Note that even for people who have tested positive for Covid-19, their data will be deletes from servers 60 days after they have been declared cured from Covid-19.

However, anonymized, aggregated datasets may remain on government databases.  These will not contain any identity information (like name, mobile number) about a past user of the app.

User Rights and Grievances

RIGHTS

1. As a registered user, you have the right to access your profile at any time to add, remove or modify any registration information that you have supplied.
2. You cannot manage the communications that you receive from us or how you receive them. If you no longer wish to receive communications from us, you may cancel your registration. If you cancel your registration, all the information you had provided to us will be deleted after the expiry of 30 days from the date of such cancellation.

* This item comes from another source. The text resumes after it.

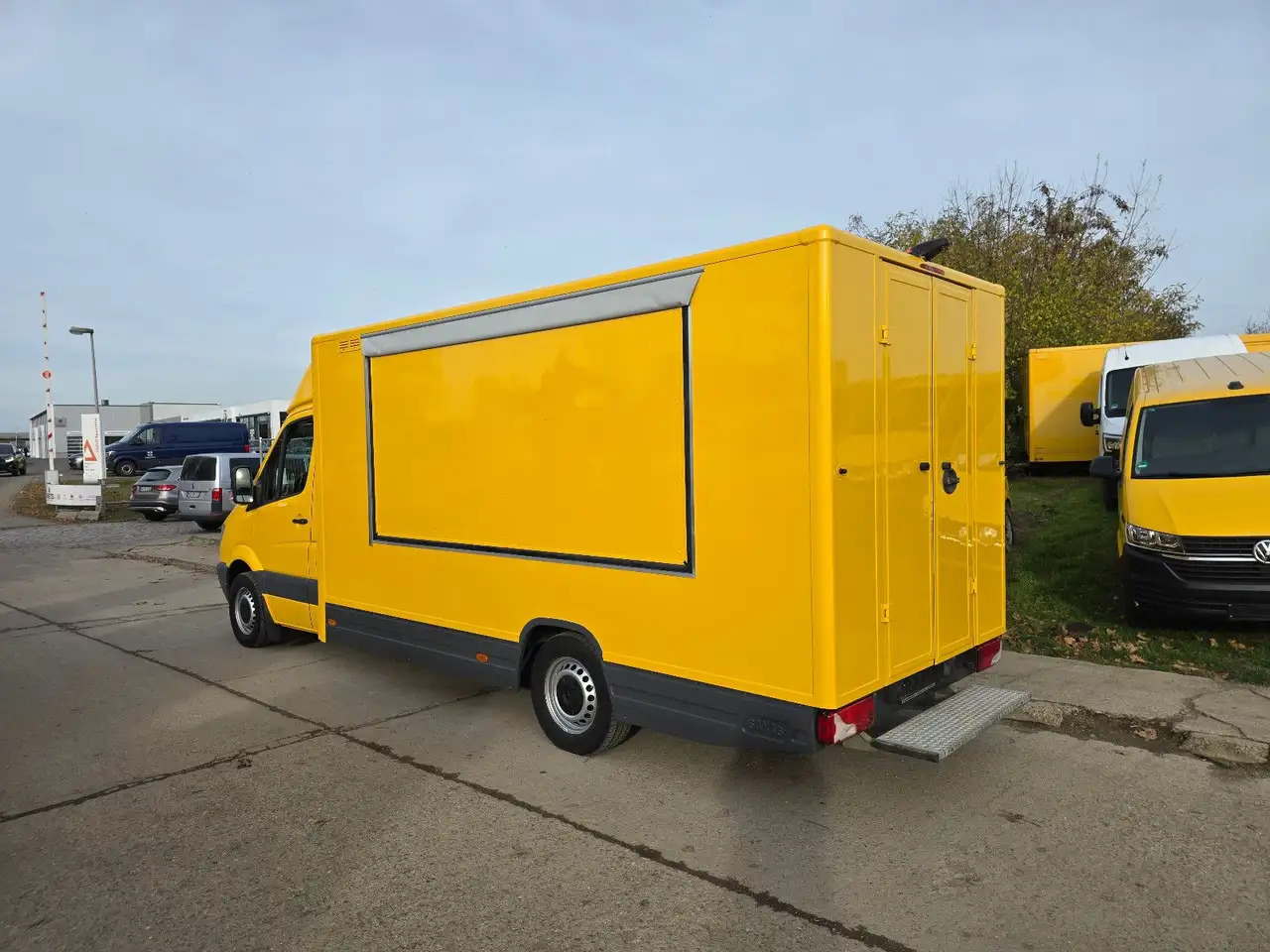 Mercedes-Benz Sprinter/Foodtruck/ 1. Hand - Zelfrijdende verkoopwagen: afbeelding 5 Mercedes-Benz Sprinter/Foodtruck/ 1. Hand - Zelfrijdende verkoopwagen: afbeelding 5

The registration information pertains to: (I) name; (ii) phone number; (iii) age; (iv) sex; (v) profession; and (vi) countries visited in the last 30 days; as given in 1 (a) of the Privacy Policy.  Therefore, under section on RIGHTS, the para 1 seems somewhat superfluous apart from the part about countries visited in last 30 days, and possibly change of phone number which is a relatively rarer occurrence.  Anyway no harm is done if this clause is there.  Para 2 under RIGHTS states that user’s information will be deleted 30 days from cancellation of registration.

The Sections 6 gives further points about Privacy of user’s data, and last Section 7 mentions contact person in case of any grievances.

6. DISCLOSURES AND TRANSFER

Save as otherwise set out in Clause 2 with respect to information provided to persons carrying out medical and administrative interventions necessary in relation to COVID-19, no personal information collected by the App will disclosed or transferred to any third party.

7. GRIEVANCES

If you have any concerns or questions in relation to this Privacy Policy, you may address them to the Grievance Officer whose name and address are as follows: Mr. R S Mani, Deputy Director General (DDG) NIC (support.aarogyasetu@gov.in)

To make Aarogya Setu mandatory or not

It was reported that Aarogya Setu app has been made mandatory for government and private sector employees.  I have no problem if it is made mandatory for government employees – simply because of the “eat your own dog food” principle.  If government employees are not comfortable with the privacy measures of the app, then on what basis can government mandate it’s use or promote it for general public!  So government employees must use the app and ensure that if they have any concerns about privacy, they should take it up within the government channels and get them resolved.

My own take is that using such an app can be useful, and it can be an important part of overall epidemic management.  One criticism of the app is that everyone does not have a smartphone to install the app.  However, it can be noted that most of the Covid-19 hotspots are within large cities, and a large percentage of city dwellers do have smartphones.  Without using contact tracing app and infrastructure, the alternatives could be to increase the scale of testing to much larger levels, and even though it may be a good strategy in theory, it will entail much higher costs.  The same strategy of testing can be instead focused on vulnerable population based on age, cluster of positive cases, symptoms etc; which is again something where the Aarogya Setu app can be very helpful – since it is able to capture both data about age of user, and the self-assessment tests can provide warning about which people may need to get tested.  The location data captured by the app will help to identify any clusters where lot of infections are already there, or lot of people are reporting illness symptoms.

Government should allay fears about privacy and one way to to achieve this could be by making suitable amendments to existing laws like Disaster Management Act in the interim while a formal Data Protection related law is yet to be passed.